L’incertezza sulle condizioni di una possibile Brexit ha fatto uscire allo scoperto esponenti di spicco del mondo economico e finanziario britannico, con prese di posizione ormai quotidiane. Non stupisce che la comunità finanziaria della City esprima posizioni contrastanti, con le banche d’investimento favorevoli a rimanere nell’Unione e gli hedge funds invece non contrari a una separazione. La maggior parte delle aziende, cui interessa mantenere l’accesso al mercato unico, spinge per rimanere, minacciando di spostare le proprie sedi altrove in Europa in caso di Brexit. Soltanto l’1% degli executives dei maggiori gruppi britannici sarebbe a favore di un’uscita (Ipsos Mori 2015).
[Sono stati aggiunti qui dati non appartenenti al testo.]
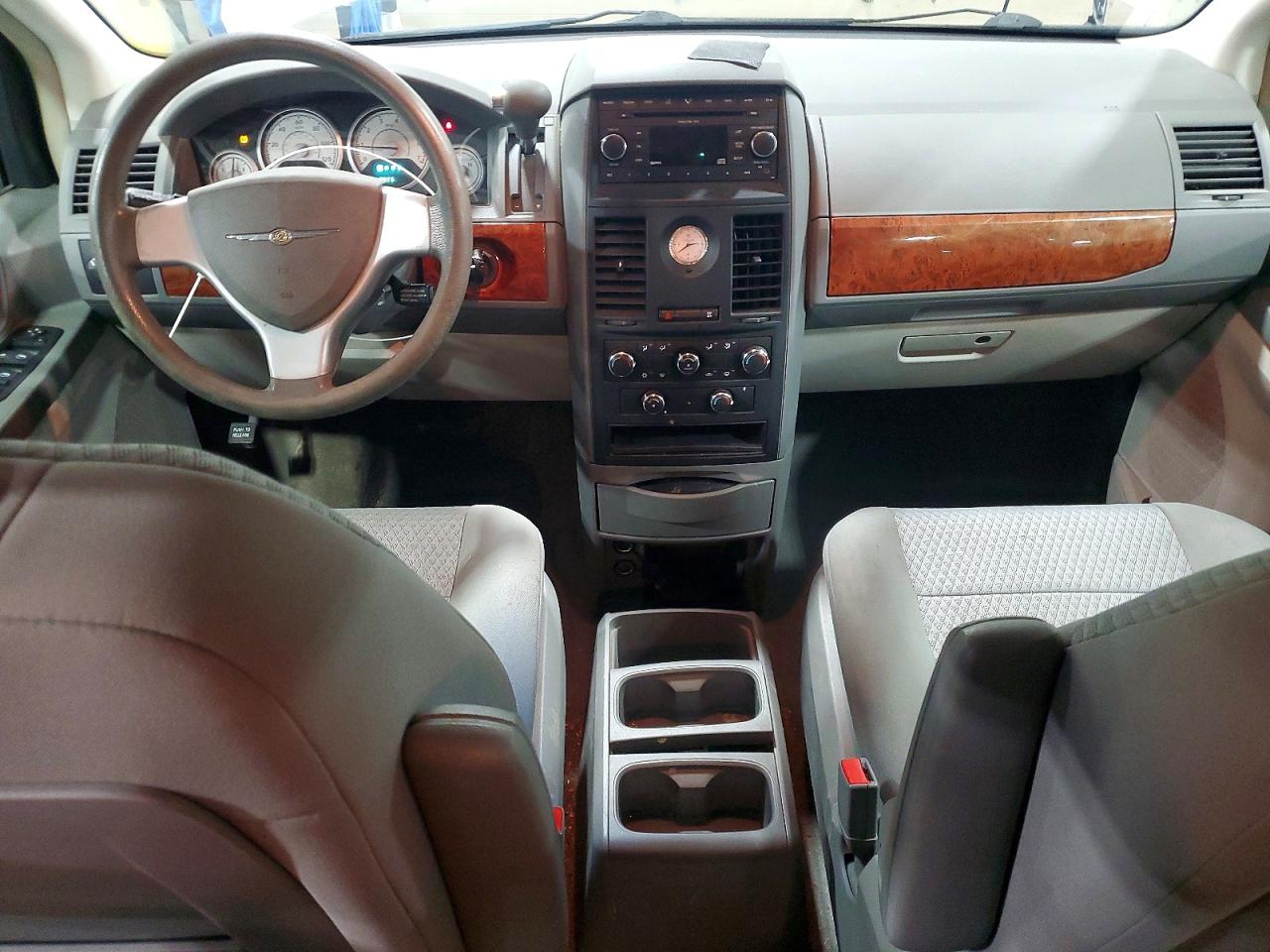 CHRYSLER TOWN & COUNTRY 2008 — 9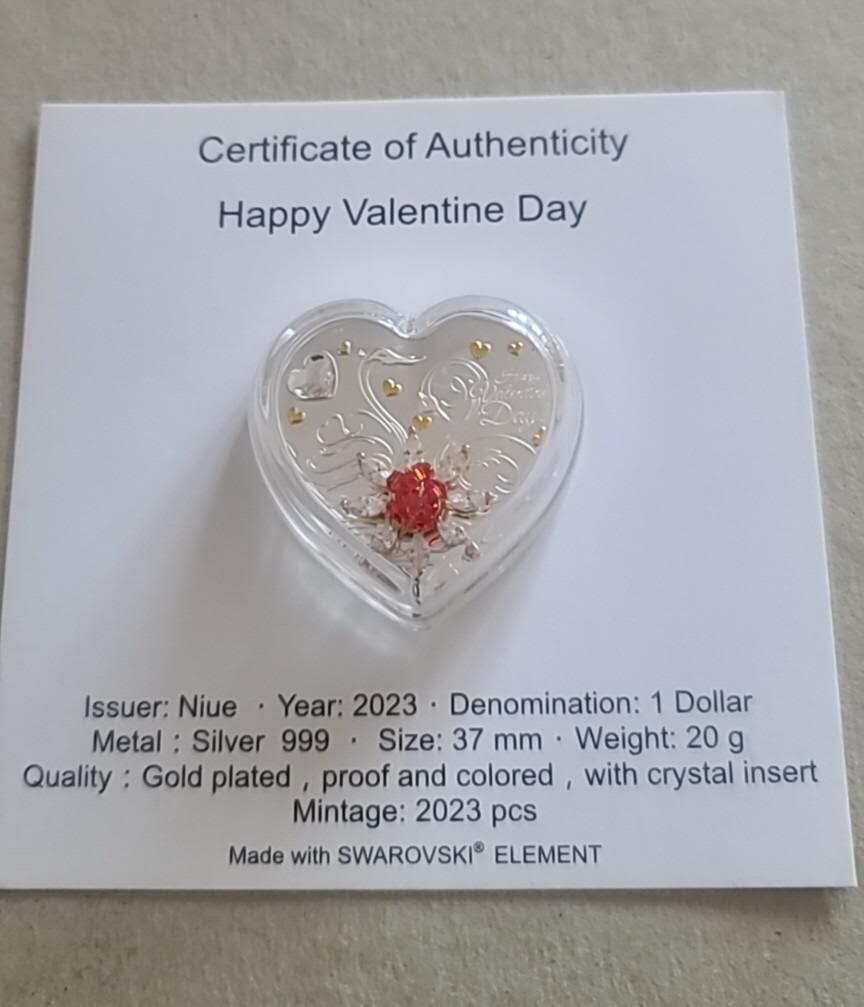 金瓯小拍第三期 古今币章 银价专场 纽埃情人节心形镶钻银币2023年 重20克 盒证齐全 盒有小裂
Per usare le parole del direttore della confederazione degli industriali Uk (Cbi) John Cridland, il senso di generale incertezza, sia sul risultato elettorale sia sull’esito di un eventuale referendum, preoccupa il mondo delle imprese, mettendo a rischio lo sviluppo e l’attrattività del Paese. Per mettere fine allo stato d’incertezza attuale, più che per un desiderio di uscita, si devono leggere le dichiarazioni del presidente della Camera di commercio britannica (Bcc) John Longworth, secondo cui non solo il referendum è necessario, ma è auspicabile venga fatto entro la primavera del 2016.

Le conseguenze economiche di un’uscita dall’Unione passano in secondo piano e i vari studi condotti finora peccano, come sostiene anche il Financial Times, di essere di parte e di non fornire alternative e informazioni comprensive e accurate su tutti gli scenari possibili. I dati sullo stato dell’economia britannica in caso di Brexit variano in maniera significativa, rispecchiando la posizione ideologica di chi li ha commissionati: si va da chi sostiene che l’economia del Regno sarebbe più povera del 6 per cento a chi crede sarebbe più ricca del 5 per cento.

Non avendo chiari i termini e i dettagli dell’eventuale rinegoziazione in seguito a una vittoria dei “si”, è difficile districarsi tra le varie stime. Ancora una volta, prevale l’incertezza. Quel che è certo è che la questione europea in Gran Bretagna non si risolverebbe con il referendum, qualsiasi fosse la decisione dell’elettorato. Se è vero che sembra esserci un accordo nel Paese nel sostenere la necessità di una rinegoziazione del rapporto con l’Ue, le variabili sono così tante e intricate che l’unica certezza sembra la consapevolezza di una situazione in continuo cambiamento: ogni previsione potrà essere invalidata a seconda dell’umore politico e del Paese nei prossimi mesi.